Required action: For the entries below, the result should be an exact transcription of the lines from the one with "Foto de Hermosa" up to and including the one with "Construção na casa", and only those.

(Stored records)
___
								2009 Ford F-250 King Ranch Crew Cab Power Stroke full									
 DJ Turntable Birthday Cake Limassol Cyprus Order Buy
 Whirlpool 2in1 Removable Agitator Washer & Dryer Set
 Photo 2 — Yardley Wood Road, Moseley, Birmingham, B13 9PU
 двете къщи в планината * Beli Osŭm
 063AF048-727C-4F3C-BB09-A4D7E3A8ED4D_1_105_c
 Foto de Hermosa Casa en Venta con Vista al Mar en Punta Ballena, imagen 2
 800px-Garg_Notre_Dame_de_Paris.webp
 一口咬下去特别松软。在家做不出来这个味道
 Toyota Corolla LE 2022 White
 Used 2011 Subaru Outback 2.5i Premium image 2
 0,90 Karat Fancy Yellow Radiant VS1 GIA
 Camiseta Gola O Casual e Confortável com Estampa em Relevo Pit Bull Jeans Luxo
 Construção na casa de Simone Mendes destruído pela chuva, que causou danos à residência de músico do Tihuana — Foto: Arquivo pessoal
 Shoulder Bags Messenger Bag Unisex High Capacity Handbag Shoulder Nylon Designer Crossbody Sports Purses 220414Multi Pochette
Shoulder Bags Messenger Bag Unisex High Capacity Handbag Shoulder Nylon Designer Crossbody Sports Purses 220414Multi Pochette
___
Output:
 Foto de Hermosa Casa en Venta con Vista al Mar en Punta Ballena, imagen 2
 800px-Garg_Notre_Dame_de_Paris.webp
 一口咬下去特别松软。在家做不出来这个味道
 Toyota Corolla LE 2022 White
 Used 2011 Subaru Outback 2.5i Premium image 2
 0,90 Karat Fancy Yellow Radiant VS1 GIA
 Camiseta Gola O Casual e Confortável com Estampa em Relevo Pit Bull Jeans Luxo
 Construção na casa de Simone Mendes destruído pela chuva, que causou danos à residência de músico do Tihuana — Foto: Arquivo pessoal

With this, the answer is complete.